In the wet etching method, an oxide film is formed as a protective film for protecting silicon which should not be removed by etching. The oxide film is formed using the wet etching method before etching is performed in semiconductor manufacturing processes, that is, in processes of manufacturing a wafer substrate in which a plurality of semiconductor devices are formed. Accordingly, in an etching process using a general wet etching method, the oxide film is not substantially etched by an alkaline etching solution exhibiting high selectivity to the oxide film, that is, having a high selection ratio to the oxide film.

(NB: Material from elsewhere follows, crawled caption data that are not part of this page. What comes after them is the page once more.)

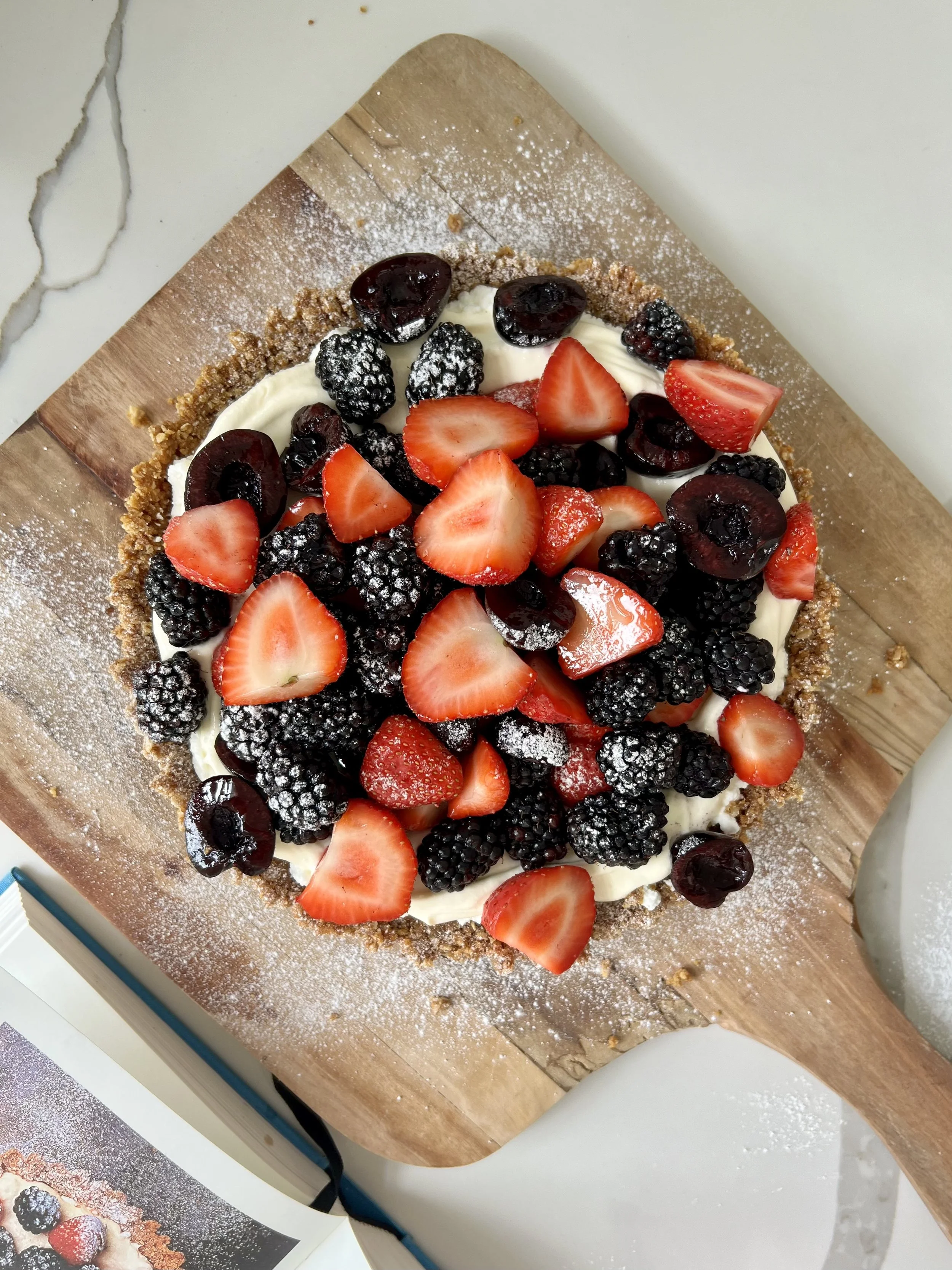 A pie topped with sliced strawberries, blackberries, and cherries, dusted with powdered sugar, on a wooden cutting board.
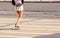 Young woman`s legs crossing an urban street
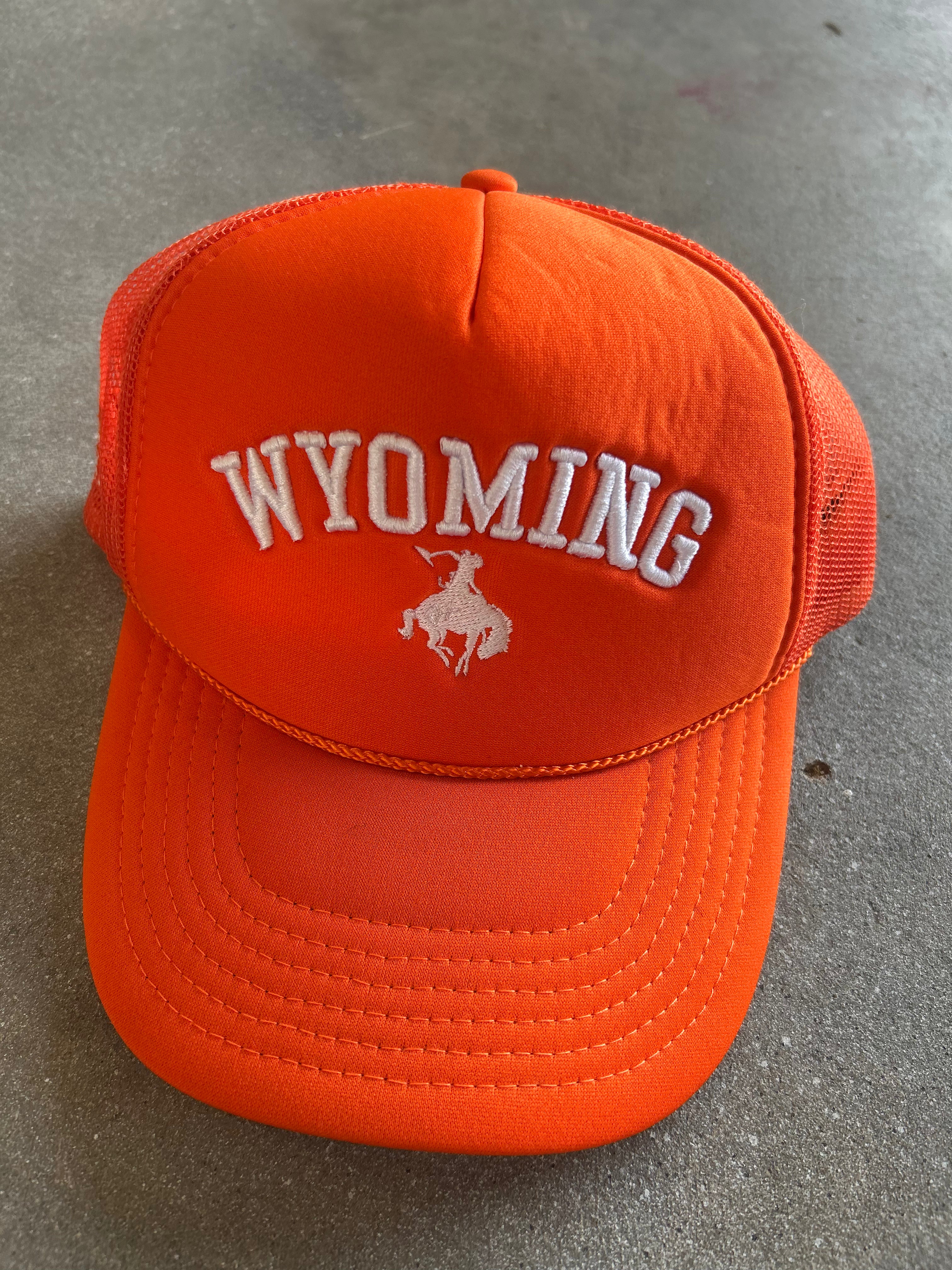 Bright orange trucker hat with white embroidered 'WYOMING' text and a white bucking horse logo on the front, photographed on a gray concrete surface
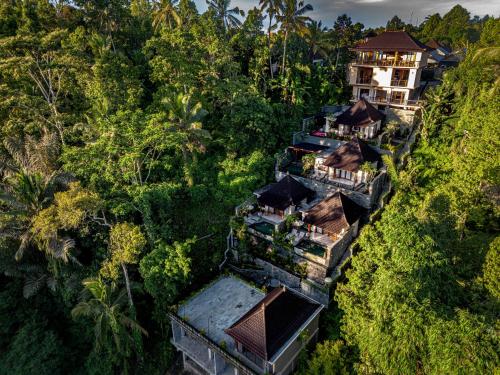 an aerial view of a resort in the jungle at Ellena Resort Tegallalang by Dhananjaya Hospitality in Tampaksiring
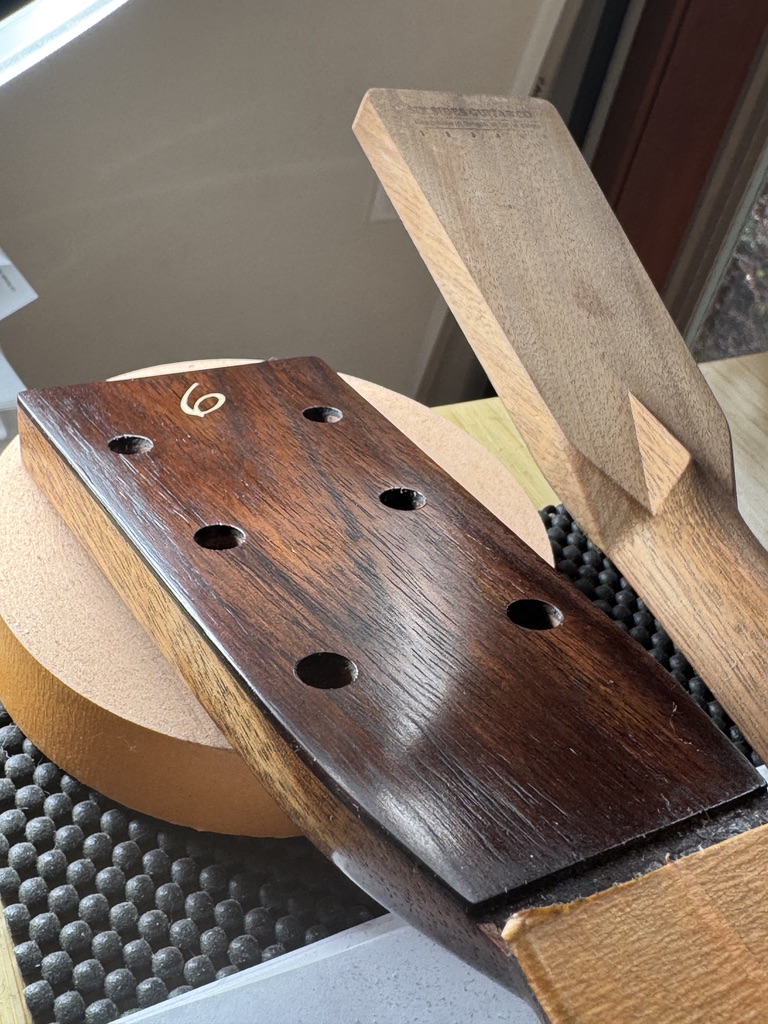Slotted rosewood headstock plate branded with the number 6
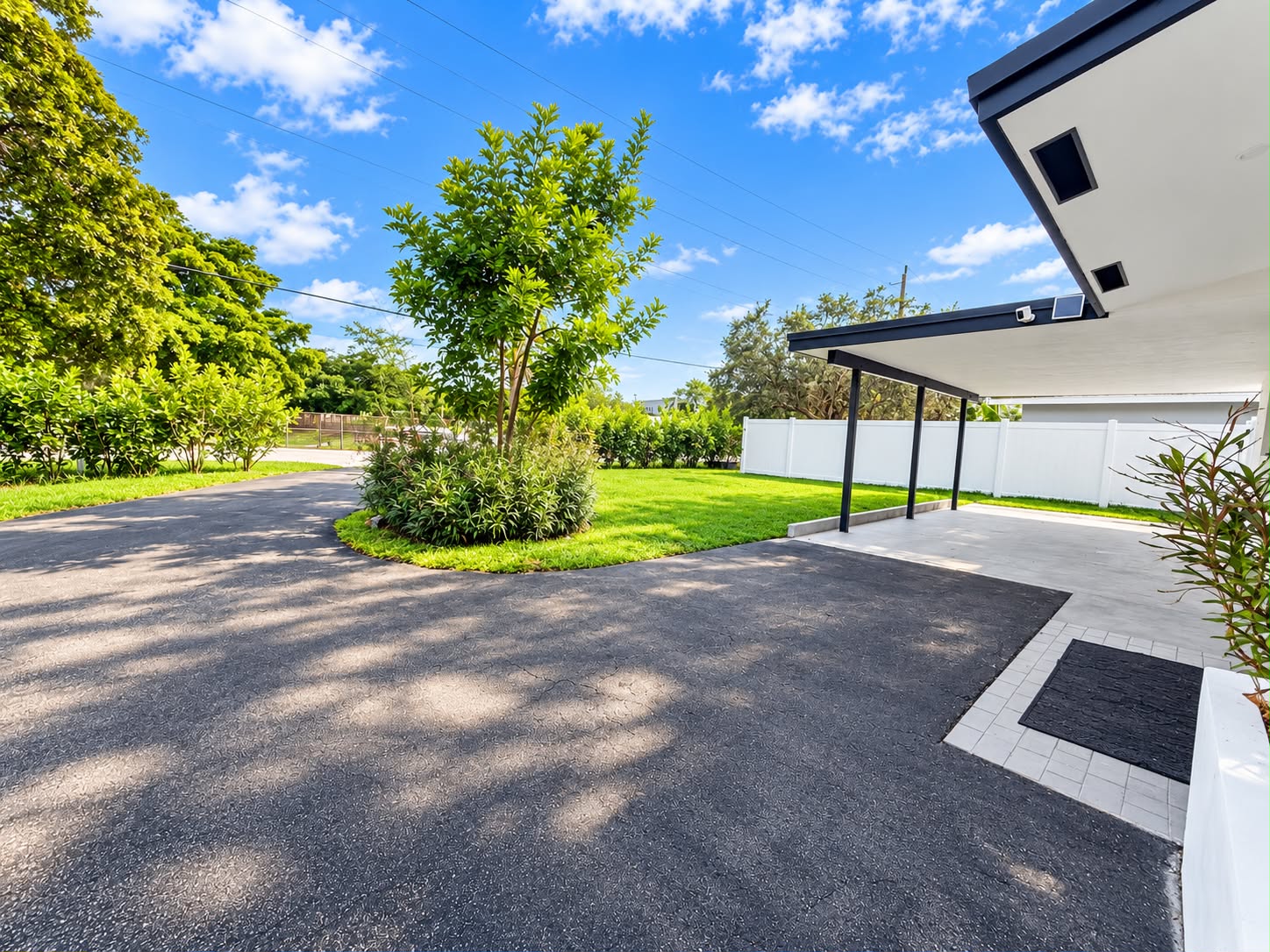 Spacious driveway, covered parking, and a lush fenced yard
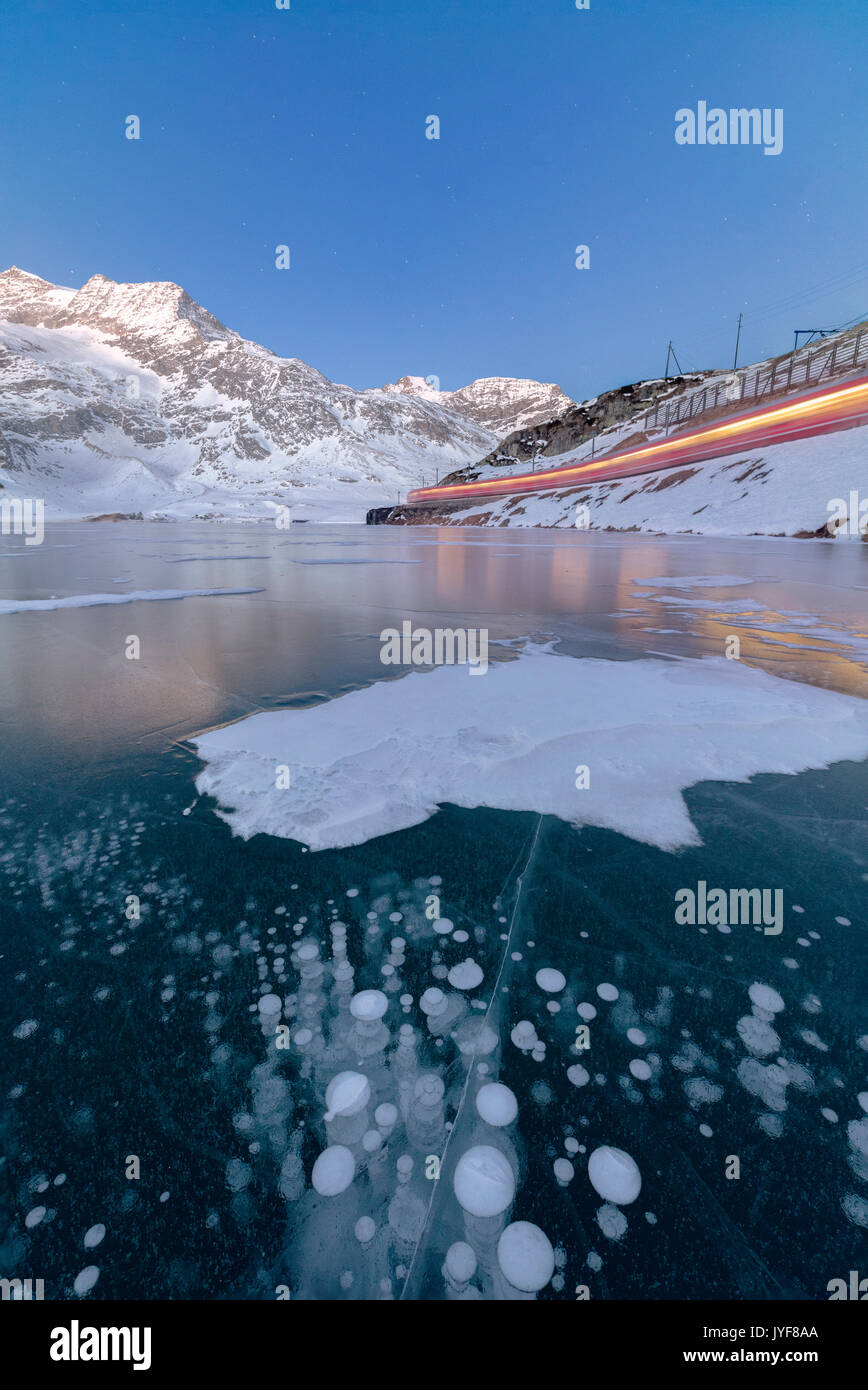 Il Bernina Express treno passa accanto al lago congelato Bianco del Bernina cantone dei Grigioni Engadina Svizzera Europa Foto Stock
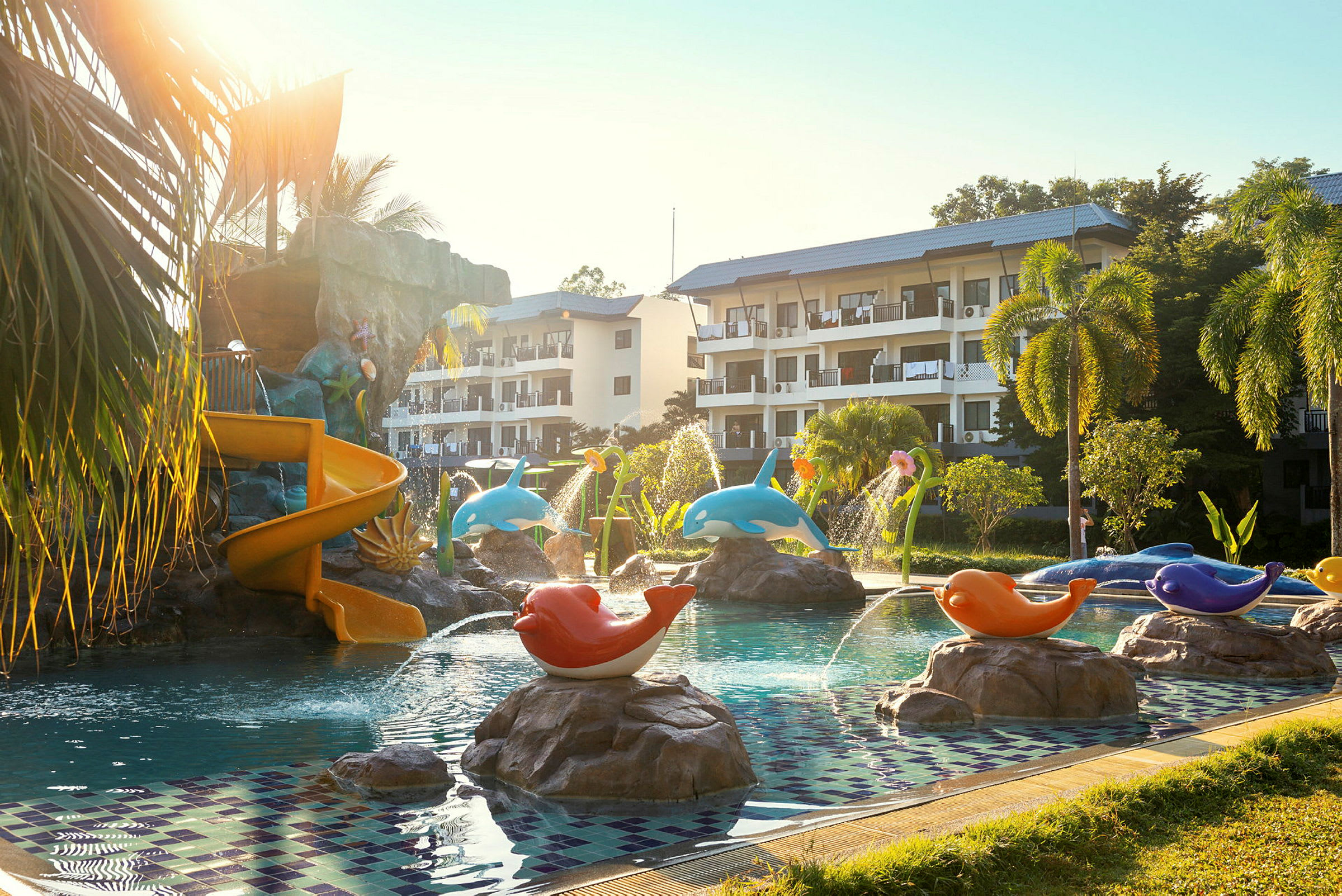Udendørs pool med børnevenlige dekorationer og rutsjebane ved hotelområde. (AI-genereret tekst)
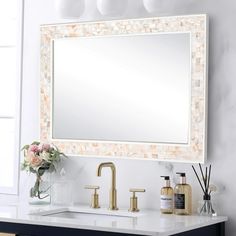 a bathroom vanity with a large mirror above it and soap bottles on the counter next to it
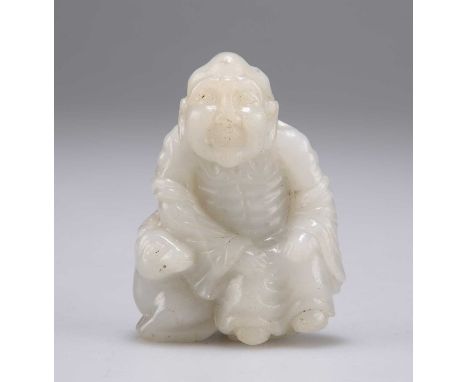 A CHINESE CARVED JADE FIGURE depicting an elderly man sitting on the back of a deer. 6.3cm highIn very good condition without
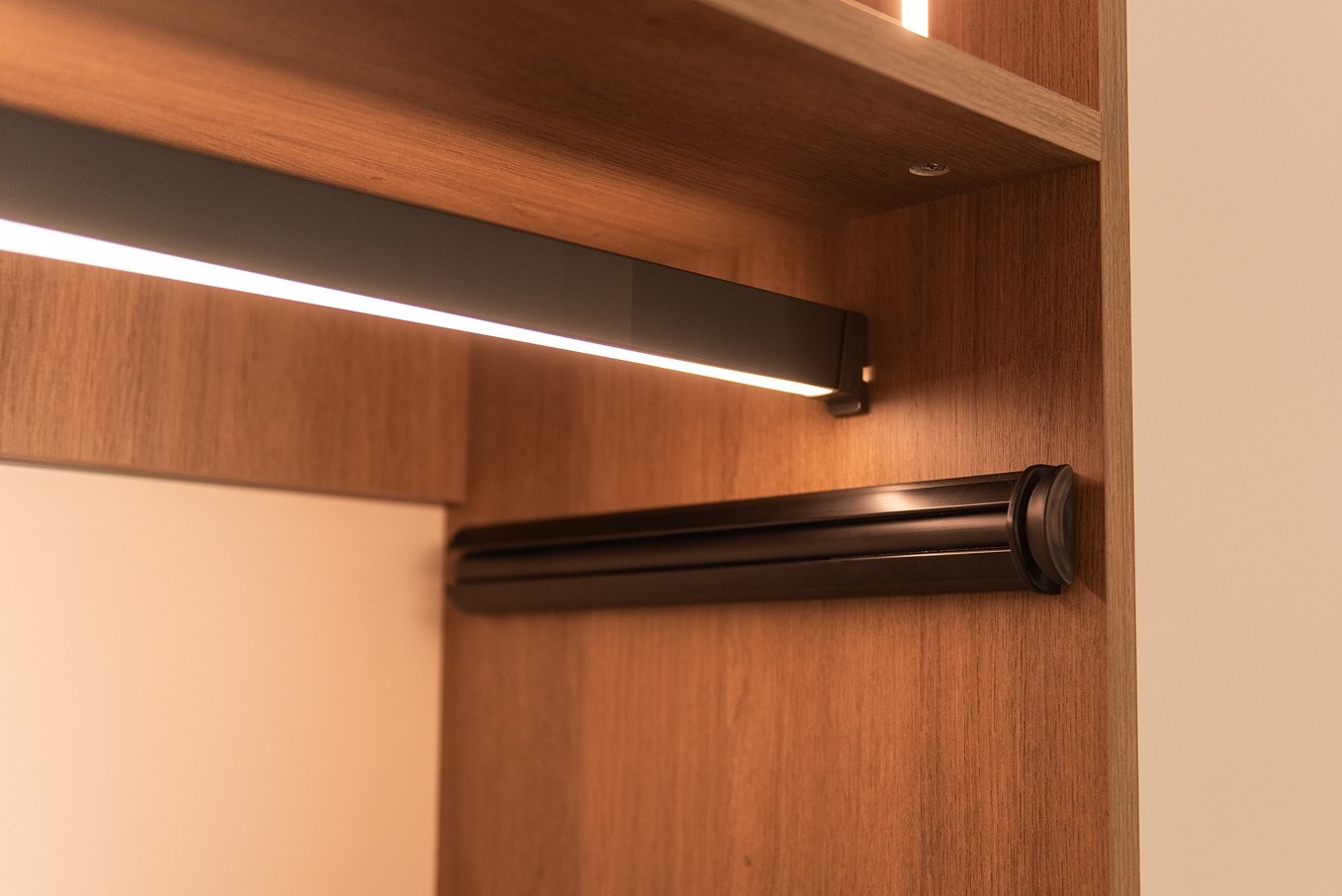 LED-lit hanging rod in custom closet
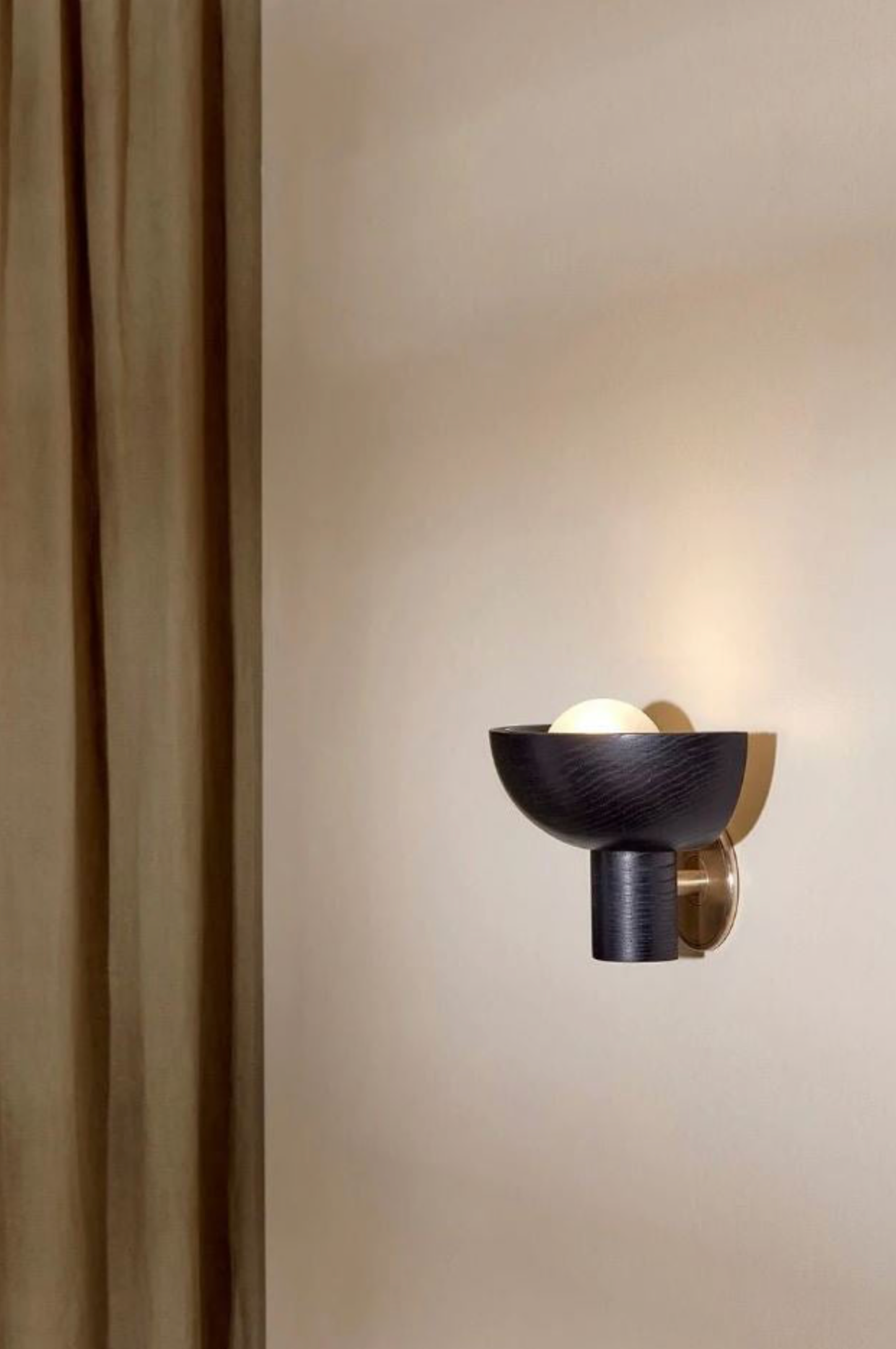 Modern wall sconce on a neutral wall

However, in the second silicon substrate stacked on the first silicon substrate, an uneven state of the oxide film which is formed before the etching process occurs at a place at which a silicon composition has a defect or a place including a foreign substance. That is, a defect is generated in the oxide film formed on the second silicon substrate. Accordingly, at a place at which a defect is unintentionally generated in the oxide film, the selection ratio may decrease and the etching speed (etching rate) by an etching solution may increase in comparison with a place at which no defect is generated in the oxide film.
In the process of manufacturing a wafer substrate using the semiconductor manufacturing processes, a scratch may be formed on the surface of the oxide film formed on the second silicon substrate. At a place at which the oxide film is scratched, the etching rate may also increase in comparison with a place at which the oxide film is not scratched.